▶ _LISTED ENTRIES_
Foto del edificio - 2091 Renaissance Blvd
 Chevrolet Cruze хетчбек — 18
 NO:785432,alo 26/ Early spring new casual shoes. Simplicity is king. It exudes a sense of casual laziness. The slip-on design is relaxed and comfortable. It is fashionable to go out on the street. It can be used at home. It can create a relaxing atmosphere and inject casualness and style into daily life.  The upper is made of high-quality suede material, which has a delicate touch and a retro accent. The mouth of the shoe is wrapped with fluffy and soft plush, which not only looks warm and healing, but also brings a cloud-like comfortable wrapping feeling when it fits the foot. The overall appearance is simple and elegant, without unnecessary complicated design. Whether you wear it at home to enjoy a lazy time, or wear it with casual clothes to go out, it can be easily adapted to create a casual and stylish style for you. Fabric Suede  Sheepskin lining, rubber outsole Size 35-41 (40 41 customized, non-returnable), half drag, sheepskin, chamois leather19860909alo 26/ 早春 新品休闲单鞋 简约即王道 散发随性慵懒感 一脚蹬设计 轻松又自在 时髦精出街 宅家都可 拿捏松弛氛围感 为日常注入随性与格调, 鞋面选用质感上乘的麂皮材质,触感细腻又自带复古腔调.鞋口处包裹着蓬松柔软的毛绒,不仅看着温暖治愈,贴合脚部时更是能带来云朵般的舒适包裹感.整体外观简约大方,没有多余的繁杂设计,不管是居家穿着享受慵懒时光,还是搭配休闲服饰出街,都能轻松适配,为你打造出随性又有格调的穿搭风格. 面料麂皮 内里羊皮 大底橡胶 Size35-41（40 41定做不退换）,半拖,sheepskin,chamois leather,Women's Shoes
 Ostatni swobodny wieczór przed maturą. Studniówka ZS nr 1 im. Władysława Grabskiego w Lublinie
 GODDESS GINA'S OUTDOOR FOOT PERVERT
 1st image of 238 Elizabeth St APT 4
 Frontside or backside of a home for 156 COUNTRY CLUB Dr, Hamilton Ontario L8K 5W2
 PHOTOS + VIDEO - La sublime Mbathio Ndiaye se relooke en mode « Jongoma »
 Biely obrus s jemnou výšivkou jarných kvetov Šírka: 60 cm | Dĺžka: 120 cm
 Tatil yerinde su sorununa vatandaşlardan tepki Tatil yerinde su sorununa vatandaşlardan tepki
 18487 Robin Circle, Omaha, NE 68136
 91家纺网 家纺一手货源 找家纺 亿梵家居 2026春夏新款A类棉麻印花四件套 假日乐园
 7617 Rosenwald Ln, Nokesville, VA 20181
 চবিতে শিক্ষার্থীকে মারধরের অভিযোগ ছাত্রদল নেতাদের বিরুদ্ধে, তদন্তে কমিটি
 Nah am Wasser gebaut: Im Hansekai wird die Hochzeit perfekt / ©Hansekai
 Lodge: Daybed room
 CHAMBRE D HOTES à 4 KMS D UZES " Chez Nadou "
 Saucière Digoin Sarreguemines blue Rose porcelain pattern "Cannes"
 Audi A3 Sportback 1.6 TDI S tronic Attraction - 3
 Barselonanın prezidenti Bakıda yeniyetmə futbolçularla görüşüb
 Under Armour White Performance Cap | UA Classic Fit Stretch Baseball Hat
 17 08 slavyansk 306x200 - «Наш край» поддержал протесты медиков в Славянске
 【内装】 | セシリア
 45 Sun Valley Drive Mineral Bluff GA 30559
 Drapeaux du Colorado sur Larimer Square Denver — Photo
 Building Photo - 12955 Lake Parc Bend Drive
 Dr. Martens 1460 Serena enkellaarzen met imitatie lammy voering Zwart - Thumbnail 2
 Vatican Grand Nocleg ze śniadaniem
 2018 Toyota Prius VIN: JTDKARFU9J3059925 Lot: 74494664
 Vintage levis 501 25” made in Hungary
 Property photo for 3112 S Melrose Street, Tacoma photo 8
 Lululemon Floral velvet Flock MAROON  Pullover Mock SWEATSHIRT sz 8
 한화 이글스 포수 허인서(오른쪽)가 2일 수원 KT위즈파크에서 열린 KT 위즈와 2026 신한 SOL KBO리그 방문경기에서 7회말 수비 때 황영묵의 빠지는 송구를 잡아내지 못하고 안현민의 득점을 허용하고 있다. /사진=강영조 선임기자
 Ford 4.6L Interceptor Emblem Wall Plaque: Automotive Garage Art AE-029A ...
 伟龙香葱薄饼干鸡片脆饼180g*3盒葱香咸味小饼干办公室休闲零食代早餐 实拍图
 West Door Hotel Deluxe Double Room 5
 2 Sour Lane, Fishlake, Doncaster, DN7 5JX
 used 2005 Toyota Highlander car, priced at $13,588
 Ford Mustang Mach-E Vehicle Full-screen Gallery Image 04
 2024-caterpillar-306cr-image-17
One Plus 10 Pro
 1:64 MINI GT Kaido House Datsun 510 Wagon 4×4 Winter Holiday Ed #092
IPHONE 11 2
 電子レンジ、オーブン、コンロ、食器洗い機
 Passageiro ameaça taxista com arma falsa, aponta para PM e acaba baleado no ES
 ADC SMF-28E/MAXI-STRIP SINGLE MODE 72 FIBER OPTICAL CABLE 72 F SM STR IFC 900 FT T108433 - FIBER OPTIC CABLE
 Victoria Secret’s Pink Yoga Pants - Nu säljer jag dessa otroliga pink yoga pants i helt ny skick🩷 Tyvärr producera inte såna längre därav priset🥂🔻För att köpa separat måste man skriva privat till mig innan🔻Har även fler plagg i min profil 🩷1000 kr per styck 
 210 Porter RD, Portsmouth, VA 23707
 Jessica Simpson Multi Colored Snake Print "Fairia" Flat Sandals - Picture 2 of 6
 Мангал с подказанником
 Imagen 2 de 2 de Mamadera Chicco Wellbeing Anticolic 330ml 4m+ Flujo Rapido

▶ _WHAT THE TASK REQUIRES_
Lines of the listing above that contain the word "used" should all be returned.

▶ _SOLVED PROBLEM_
 NO:785432,alo 26/ Early spring new casual shoes. Simplicity is king. It exudes a sense of casual laziness. The slip-on design is relaxed and comfortable. It is fashionable to go out on the street. It can be used at home. It can create a relaxing atmosphere and inject casualness and style into daily life.  The upper is made of high-quality suede material, which has a delicate touch and a retro accent. The mouth of the shoe is wrapped with fluffy and soft plush, which not only looks warm and healing, but also brings a cloud-like comfortable wrapping feeling when it fits the foot. The overall appearance is simple and elegant, without unnecessary complicated design. Whether you wear it at home to enjoy a lazy time, or wear it with casual clothes to go out, it can be easily adapted to create a casual and stylish style for you. Fabric Suede  Sheepskin lining, rubber outsole Size 35-41 (40 41 customized, non-returnable), half drag, sheepskin, chamois leather19860909alo 26/ 早春 新品休闲单鞋 简约即王道 散发随性慵懒感 一脚蹬设计 轻松又自在 时髦精出街 宅家都可 拿捏松弛氛围感 为日常注入随性与格调, 鞋面选用质感上乘的麂皮材质,触感细腻又自带复古腔调.鞋口处包裹着蓬松柔软的毛绒,不仅看着温暖治愈,贴合脚部时更是能带来云朵般的舒适包裹感.整体外观简约大方,没有多余的繁杂设计,不管是居家穿着享受慵懒时光,还是搭配休闲服饰出街,都能轻松适配,为你打造出随性又有格调的穿搭风格. 面料麂皮 内里羊皮 大底橡胶 Size35-41（40 41定做不退换）,半拖,sheepskin,chamois leather,Women's Shoes
 used 2005 Toyota Highlander car, priced at $13,588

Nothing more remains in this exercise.